Between the puddle jumpers, horseback riding and ziplining, I had a week of fun-filled adventures in Santa Teresa.
First there was the little plane (AKA puddle jumper). I love them as you get to fly low which is great for taking photos. Admittedly, the first time in 2009, both me and my traveling partner were a little nervous, but once we were up in the air, turbulence free, I knew everything would be okay. I’ve now been on over 20 flights and each one has been just as easy as the first. Thus far, my favorite airport to fly into and out of is Tambor (see video below to learn why!). And my new goal is to fly into every airport that the two domestic airlines fly to in Costa Rica, Panama and Nicaragua…I’m about halfway to reaching the goal right now!
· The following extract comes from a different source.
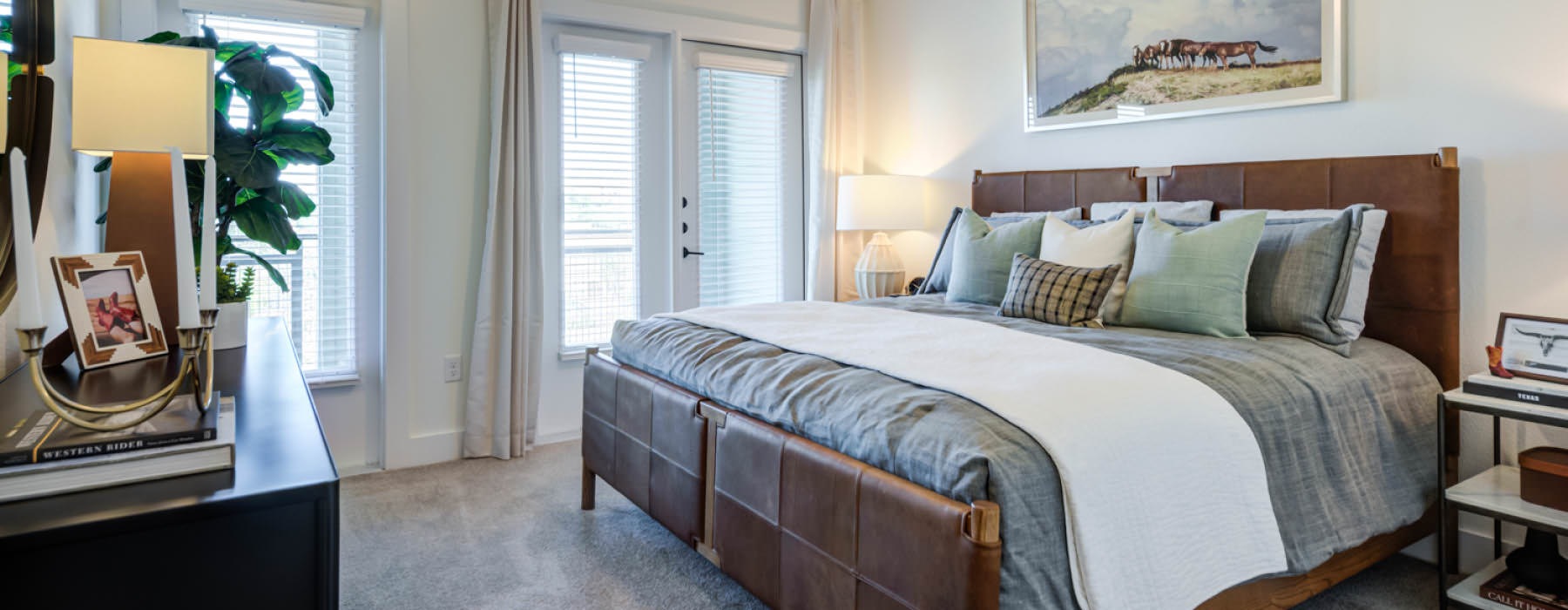 a bedroom with large windows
On my second day at Latitude 10, Maricela (one of the hotel’s team members), her seven-year old daughter and I went horseback riding. I grew up around horses but the last time I was on one was about 12 years ago in Mexico. No matter what they say, it is not just like riding a bike. It wasn’t so much that I was afraid, it was just an issue of letting go of control (which is so difficult for me to do). And of course, I got the crazy horse, Pedro, who did whatever he wanted. He’d stop when he wanted to, trot when he wanted to, eat when he wanted to…He also didn’t seem to like some of the steep, rocky terrain we had to descend to get through the jungle and to the beach. Although he loved the river as I’m sure it helped him cool off.
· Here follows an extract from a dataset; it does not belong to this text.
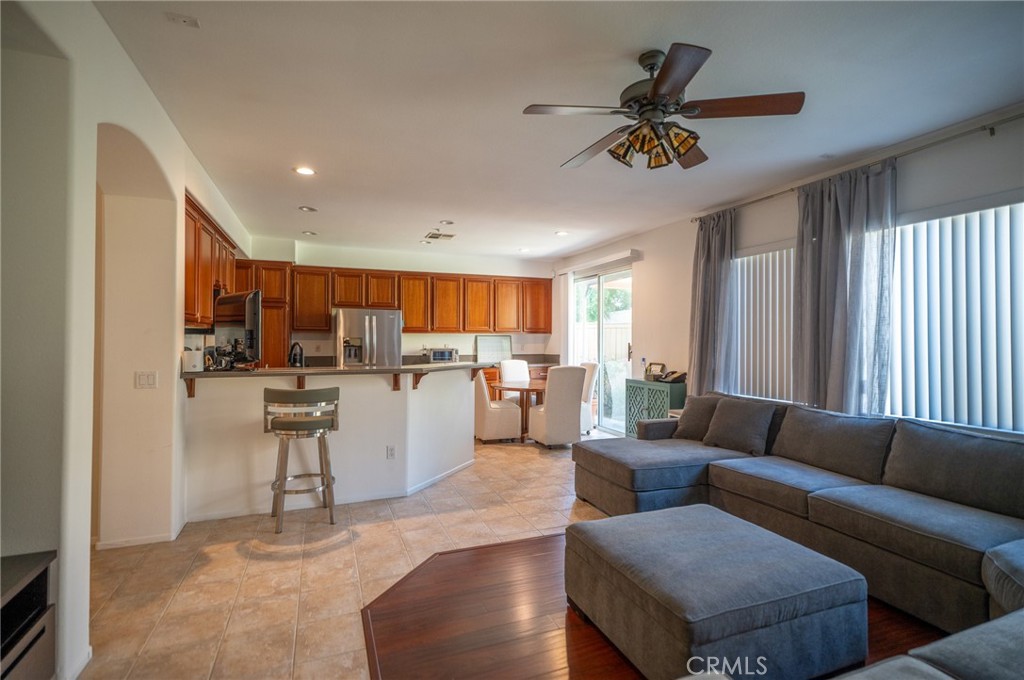 12207 Vía Santa Marta Sylmar, CA 91342 - Photo 4 of 39 a living room with furniture and kitchen view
The next day, Pablo (another hotel team member) and I went on the Sun Trails Canopy Tour. If you’ve read my book, you know that I’m terrified of heights. So careening down a cable a few hundred feet above the ground made me just slightly panic stricken. This wasn’t my first time ziplining but it’s still scary. Two girls who were staying nearby and going through a month long yoga teacher training joined us but somehow I was nominated to go first. I would say that for the first three cables, my legs wouldn’t stop shaking and I could feel my heart pounding like it wanted to pop out of my chest. At one point, Pablo asked me, “did you see the river?”. I told him no, I was really just trying to look ahead and remember everything I was supposed to do – feet crossed, knees up, face forward, brake 20 feet before the next platform, don’t brake beforehand (or you’ll end up in the middle of the cable, have to spin around and pull yourself to the next platform with your arms). He told me I needed to look down and experience the beautiful view. I really just wanted to make sure I made it to the next platform.
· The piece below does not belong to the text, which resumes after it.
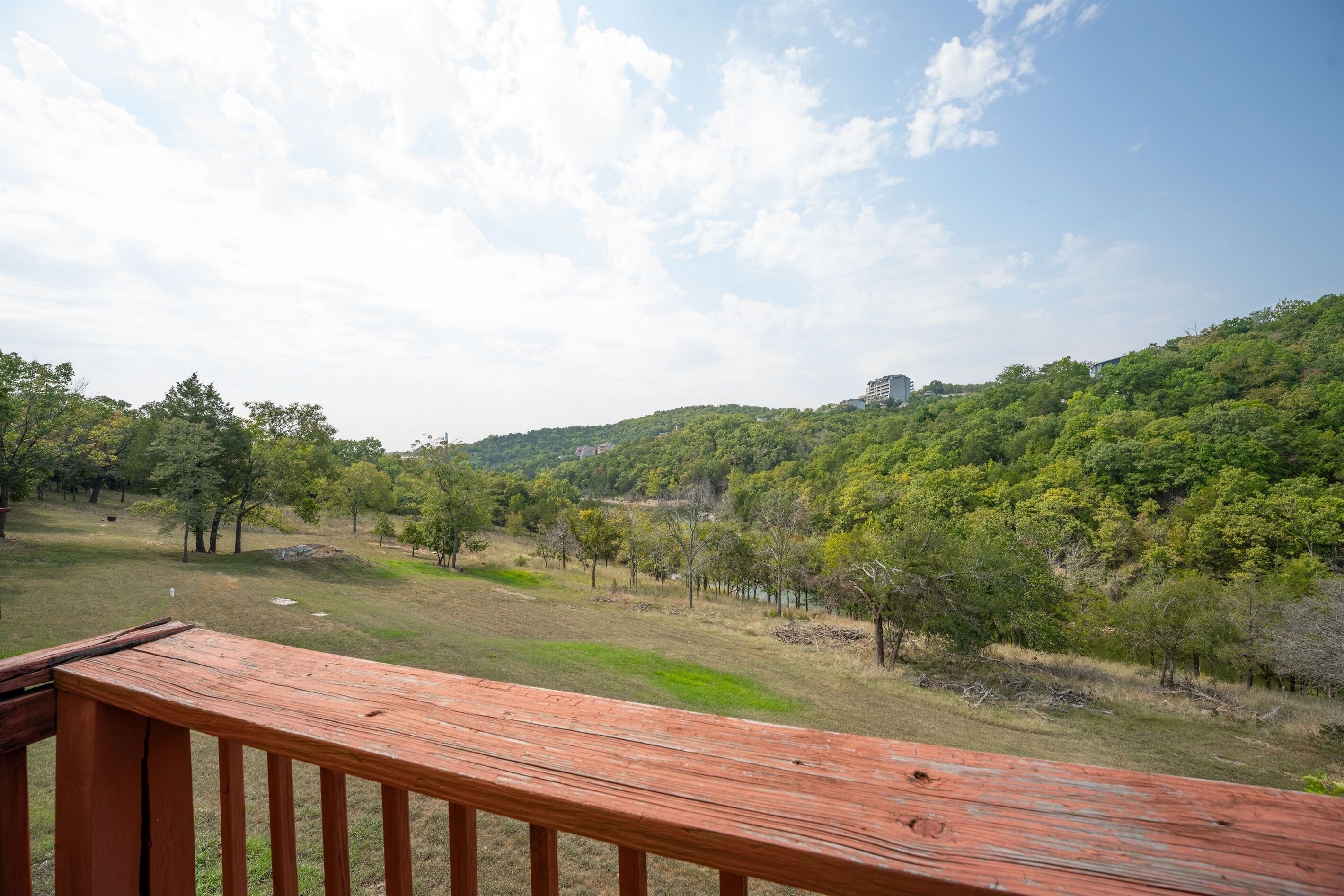 Una terraza de madera con vistas a un área verde con árboles y una colina al fondo.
But eventually the fear subsided and I did have the opportunity to check out the awesome view. From some of the cables, we could see the Golfo Nicoya and below us was a massive canopy of trees. About halfway through, we removed our helmets and gear and hiked down to a waterfall that was refreshing….It was also nice to feel my feet on solid ground again. The last cable of the morning was the longest – 300 meters long or almost 1,000 feet.
We drove through a few rivers both to get to the horses and to the canopy tour which, as long as I’m not driving, is always exhilarating as well.
Just like with surfing last year, sometimes you have to let go of control, although I’m learning that after being on a horse and dangling from a cable, I really do prefer to have my feet on solid ground.